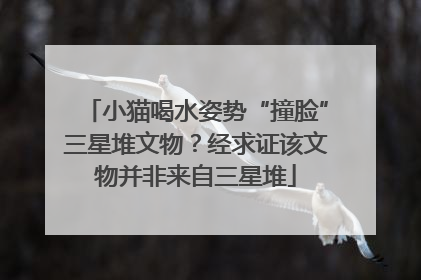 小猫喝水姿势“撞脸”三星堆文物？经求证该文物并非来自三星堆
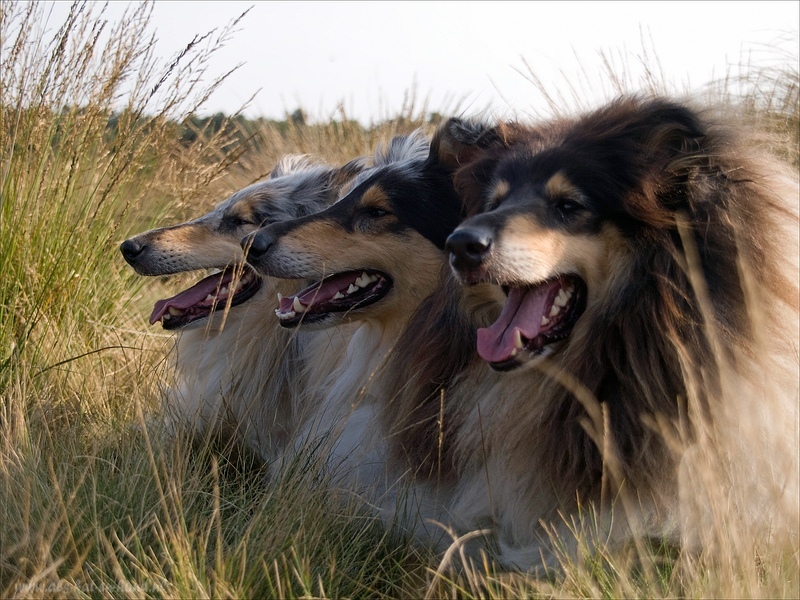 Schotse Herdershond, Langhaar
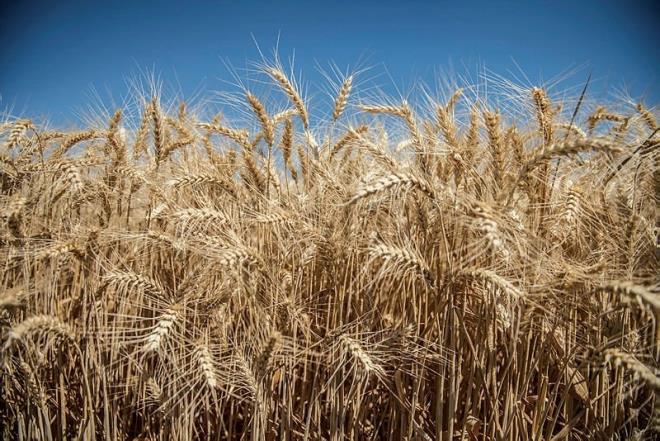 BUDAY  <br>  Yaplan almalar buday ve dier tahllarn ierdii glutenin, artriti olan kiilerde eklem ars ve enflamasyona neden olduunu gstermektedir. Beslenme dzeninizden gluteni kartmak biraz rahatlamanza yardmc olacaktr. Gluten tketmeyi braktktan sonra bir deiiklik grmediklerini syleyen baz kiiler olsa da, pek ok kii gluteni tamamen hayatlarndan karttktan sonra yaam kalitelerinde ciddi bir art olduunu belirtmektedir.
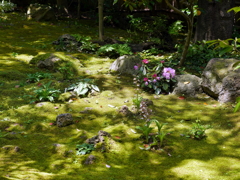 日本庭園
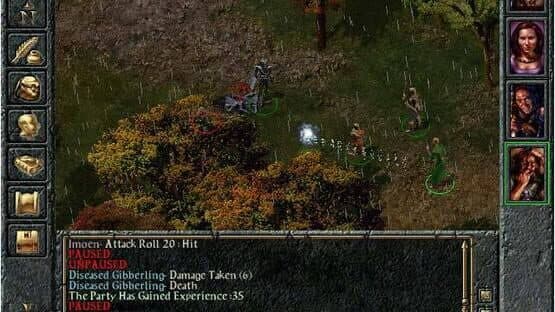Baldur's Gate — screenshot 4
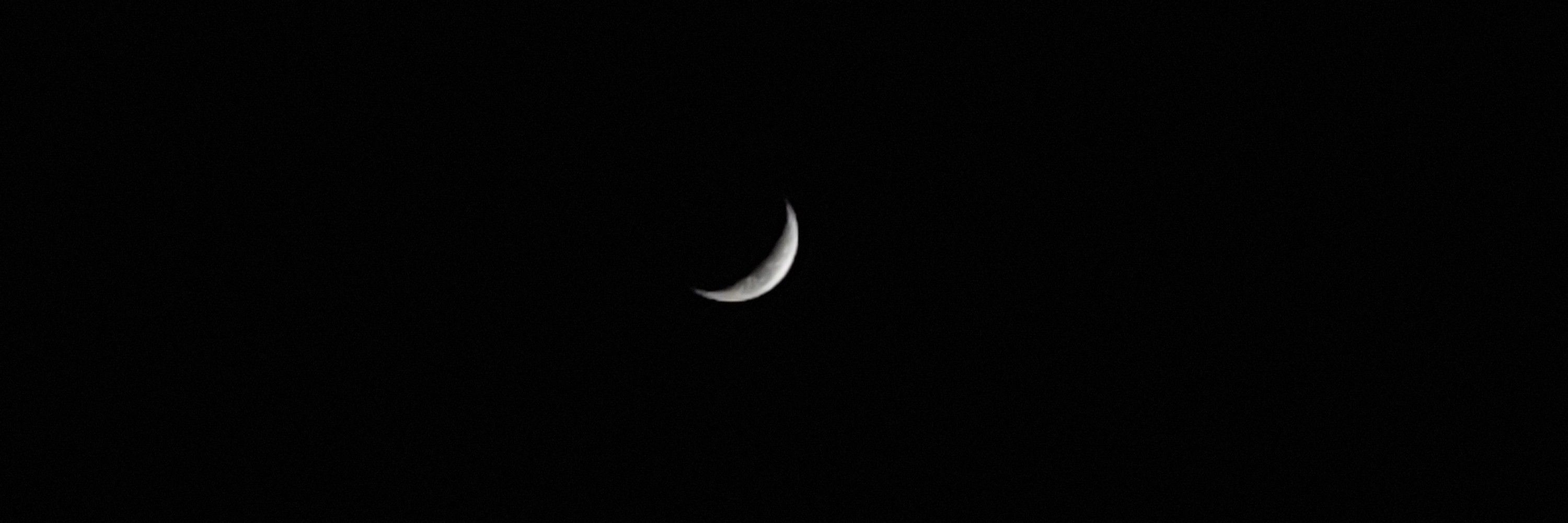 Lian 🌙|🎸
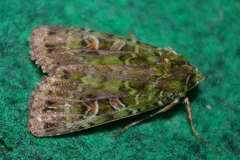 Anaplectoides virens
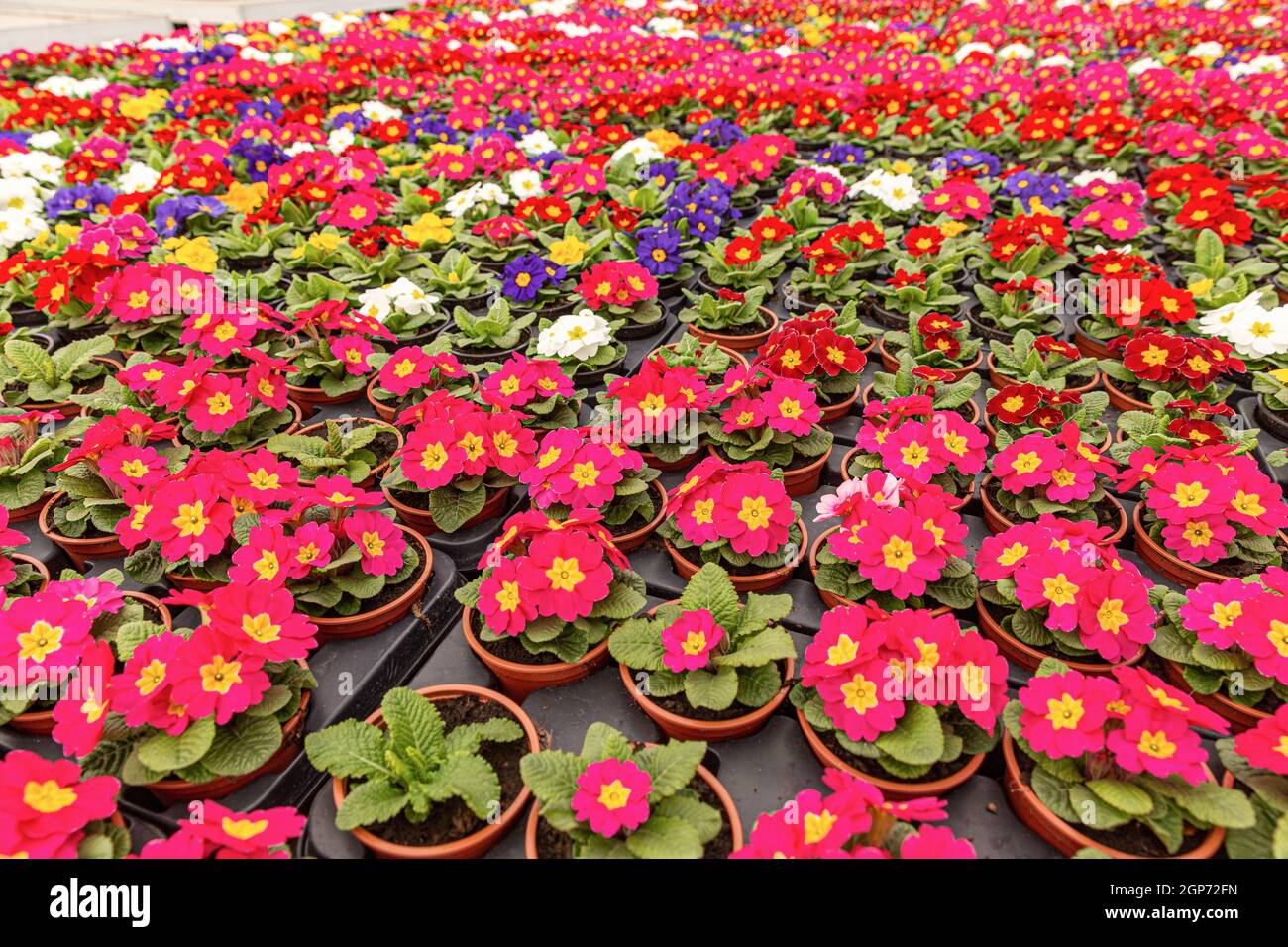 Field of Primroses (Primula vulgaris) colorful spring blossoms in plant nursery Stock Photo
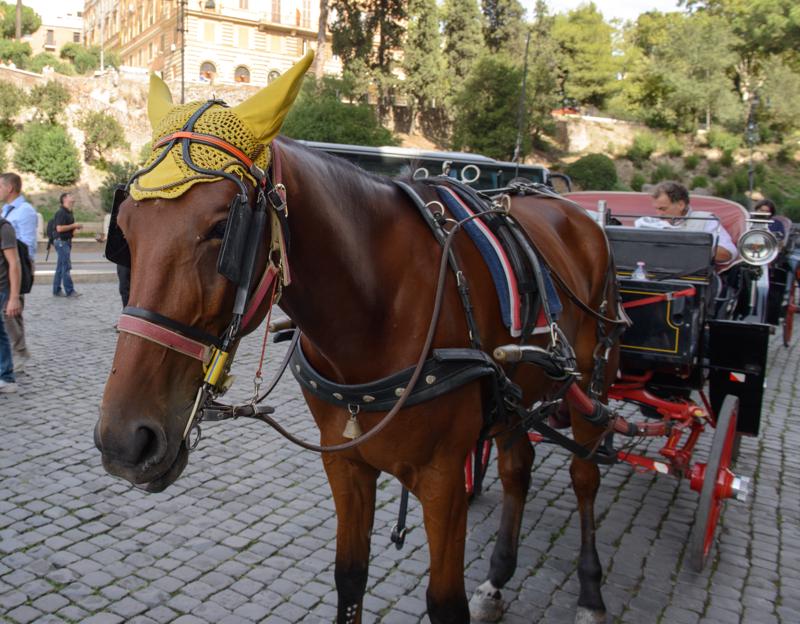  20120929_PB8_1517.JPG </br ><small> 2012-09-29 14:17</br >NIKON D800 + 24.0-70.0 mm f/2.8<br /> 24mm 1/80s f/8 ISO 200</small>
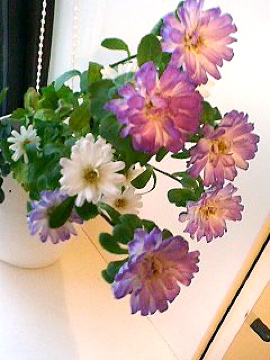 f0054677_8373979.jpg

───

Task description: Pictures do not go in the copy. Write out exactly the lines from the line containing "Schotse Herdershond, Langhaar" through the last line of the listing.

Worked solution:
 Schotse Herdershond, Langhaar
 BUDAY  <br>  Yaplan almalar buday ve dier tahllarn ierdii glutenin, artriti olan kiilerde eklem ars ve enflamasyona neden olduunu gstermektedir. Beslenme dzeninizden gluteni kartmak biraz rahatlamanza yardmc olacaktr. Gluten tketmeyi braktktan sonra bir deiiklik grmediklerini syleyen baz kiiler olsa da, pek ok kii gluteni tamamen hayatlarndan karttktan sonra yaam kalitelerinde ciddi bir art olduunu belirtmektedir.
 日本庭園
Baldur's Gate — screenshot 4
 Lian 🌙|🎸
 Anaplectoides virens
 Field of Primroses (Primula vulgaris) colorful spring blossoms in plant nursery Stock Photo
  20120929_PB8_1517.JPG </br ><small> 2012-09-29 14:17</br >NIKON D800 + 24.0-70.0 mm f/2.8<br /> 24mm 1/80s f/8 ISO 200</small>
 f0054677_8373979.jpg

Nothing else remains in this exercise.